I'm extremely new to extending the Unity editor, and pieced together this script that highlights the selected object in the hierarchy. The problem is, when I'm in the editor and the top of the stack(scene name) comes into view on the tree, the whole hierarchy turns invisible! When I scroll down so the scene name goes out of view it fixes itself. I've attached images to give you a better idea of whats happening. This problem is minor when I have a bunch of objects, but would be unusable on a new scene.
[InitializeOnLoad]
public class HierarchyHighlighter
{
static HierarchyHighlighter()
{
EditorApplication.hierarchyWindowItemOnGUI += HierarchyWindowItem_CB;
}
private static void HierarchyWindowItem_CB(int selectionID, Rect selectionRect)
{
Object o = EditorUtility.InstanceIDToObject(selectionID);
if ((o as GameObject).GetComponent<HierarchyHighlighterComponent>() != null)
{
HierarchyHighlighterComponent h = (o as GameObject).GetComponent<HierarchyHighlighterComponent>();
if (h.highlight)
{
if (Event.current.type == EventType.Repaint)
{
GUI.backgroundColor = h.color;
GUI.Box(selectionRect, "");
GUI.backgroundColor = Color.white;
EditorApplication.RepaintHierarchyWindow();
}
}
}
}
}
The console reads: "Object reference not set to an instance of an object" HierarchyHighlighter.HierarchyWindowItem_CB(Int32 selectionID, Rect selectionRect) (at Assets/HierarchyHighlighter.cs:18)
Images: Functioning as normal
Thank you for your help!
Your code is throwing a null reference exception. I don't know which line is 18 because it's probably different in the file from what you posted, but my guess would be that Object o = EditorUtility...
is returning null or that the object it returns isn't a GameObject so (o as GameObject)
returns null and throws the exception when you call GetComponent.

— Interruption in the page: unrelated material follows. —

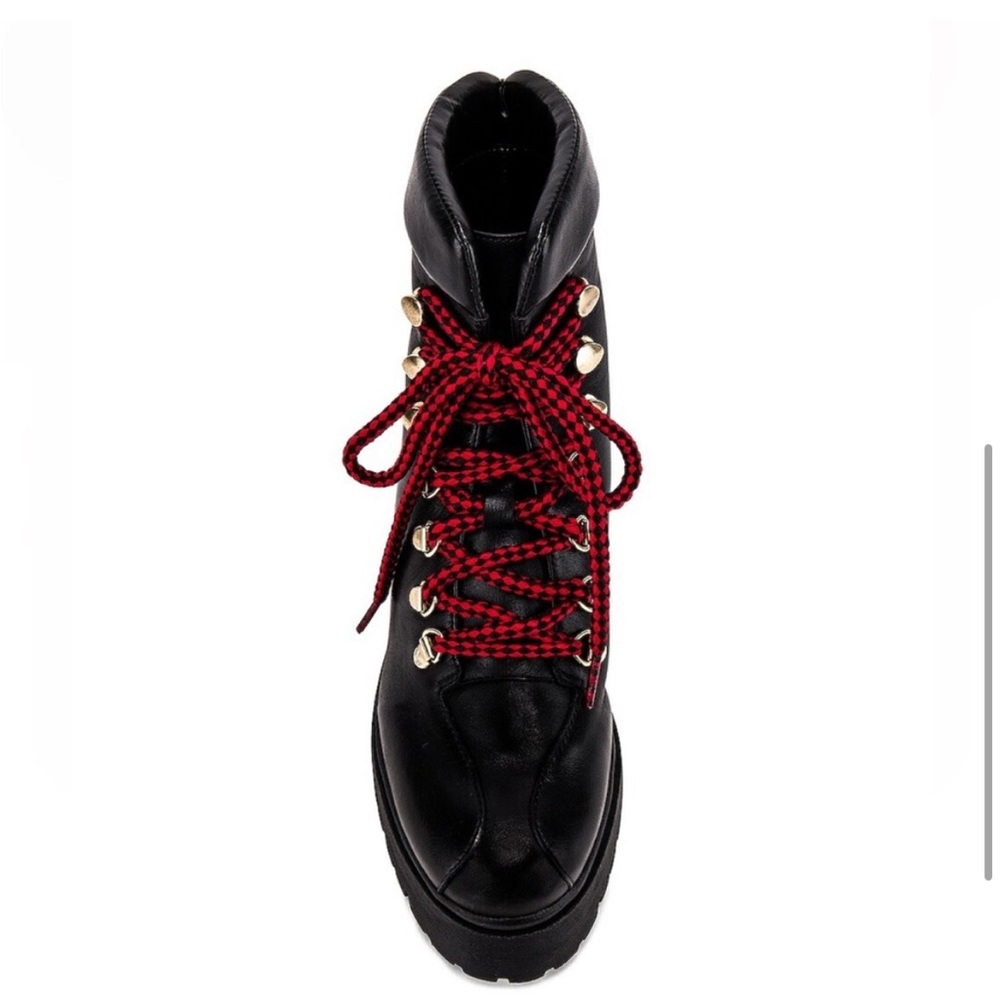 Raye Revolve Page Bootie - Picture 4 of 9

There are also three obvious optimisations you could make:
(o as GameObject)
cast once. You don't even need o as an Object at all, so you could do the cast as soon as you get it: GameObject o = EditorUtility.InstanceIDToObject(selectionID) as GameObject;
(then null check o to fix the exception)....Component h = o.GetComponent...
, then if (h != null && h.highlight)
.if (Event.current.type == EventType.Repaint)
to the start of the function, otherwise you're wasting all this performance on every other gui event.Also, use descriptive variable names. obj and highlighter would be much better than o and h.